In April of this year, the Congressional-Executive Commission on China met to discuss “The Lot of Chinese Workers: Do China’s Labor Laws Work?” It’s a fascinating read and is available here. The CECC is a government body created by Congress in 2000 to monitor human rights and the rule of law in China. At the committee's most recent hearing, they took testimony from Han Dongfang and Robin Munro of the China Labour Bulletin, concerning China’s emerging rights defense movement – the so-called Wei Quan Movement, which translates in English to “Defending Rights.”
While rooted in Tiananmen Square protest movement, according to Robin Munro “this is the most significant development” in the last 25 years.
Munro explained to the committee:
“It is significant because, for the first time, through this rights defense movement, we are seeing local communities--it is a very grassroots-based movement--organizing protests against local injustices, appealing to rule of law principles, often taking their case to court. They are protesting about things like forced evictions from urban properties for urban redevelopment, illegal land seizures in the countryside, the locating of heavily polluting factories on communal land where rural children come down with horrible illnesses.
For the first time, we are seeing a grassroots-based rights movement in China, and it is getting more and more widespread. The reason, again, is not so difficult to see. It is because the level of social injustice in China today is very high. People are fighting back, but they are doing so through appeal to the rule of law in pursuit of legally specified rights that now, after many years of propaganda and education about the legal system, they actually think they should have and they are entitled to. ‘Why are we not getting these rights?’ they ask."
Munro goes on to compare efforts of Chinese workers “China’s emerging civil rights movement.”
“I think there are comparisons with the civil rights movement in places like the United States in the 1960s. What we are finding in China is that you are having civil rights lawyers from the cities going down to the countryside, hooking up with local protestors, telling them how to achieve their aims legally. You are getting academics coming in from the universities, going down to where the protests are and offering their advice and help. Also, you are getting investigative journalists reporting these cases and getting the word out, increasingly opening up a new space within the news media. Also, the government is fighting back and trying to restrict those media freedoms, but, still, the momentum is very great in this area. So we are getting a new synergy between key elements in society who are working together, so this is all new.”

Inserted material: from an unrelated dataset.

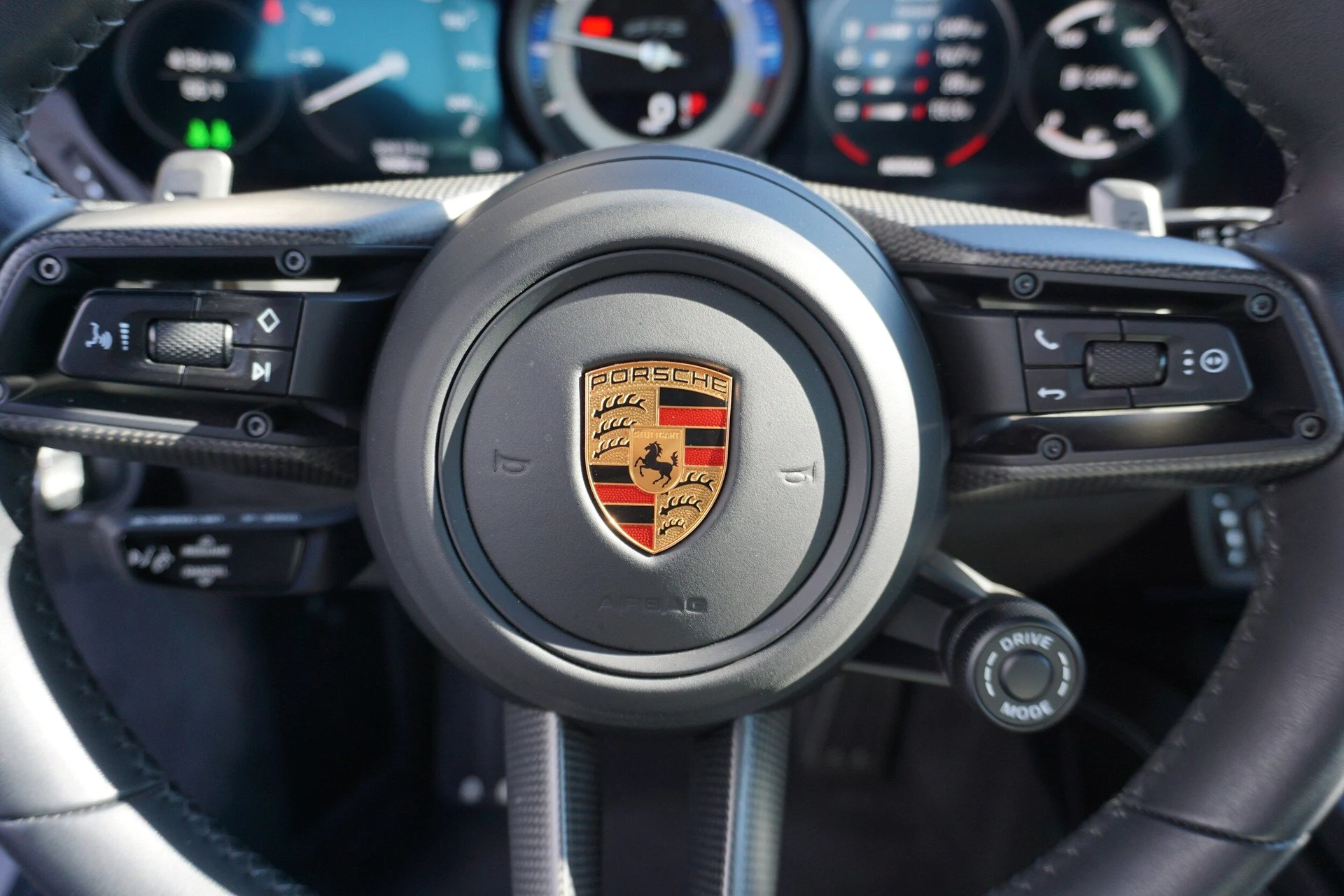 mph026_300036133_c3c0a3f1438870d24fd9f1e97d647fd9x_f3abce9c2b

Ten years ago worker and community protests would have been automatically categorized by local Chinese officials as “political.” Organizers were arrested and charged with such crimes as counter-revoultionary or endangering state security. But now, according to Munro:
“...because of the sheer quantity of these protests and their diffuse spreading around society, it has no longer become tenable for the government to categorize each and every incident of worker protest as some kind of political threat. They have been forced to acknowledge that these are not political threats, these are, in fact, protests against local injustice. That is all they are. There has become, therefore, almost willy nilly, a level of greater tolerance within local governments for these kinds of protests, and hence for the emerging civil rights movement.
So I think there is a very important synergy and symbiosis developing in China between the workers' movement and this very significant, broader, emerging civil rights movement.”
Historical experience in the U.S. and around the world has shown that when workers and citizens realize that they are entitled by law to certain rights, they may well create the institutions needed to access and enforce those rights. The more than 300,000 labor job actions involving more that 4 million workers, reported last year by the government demonstrate that Chinese workers are engaged in a massive “citizen law enforcement” effort. The massive number of wildcat strikes occurring in China shows that Chinese workers are not waiting for official unions to reform themselves. Instead, they are fashioning new ways to improve their lot. (See our previous blog on efforts of Chinese workers to fight back.) The challenge is for the US and the other labor movements is to find ways to encourage new independent workers organizations in China.
Later we’ll blog on what some in China are calling “China’s New Labor Movement.”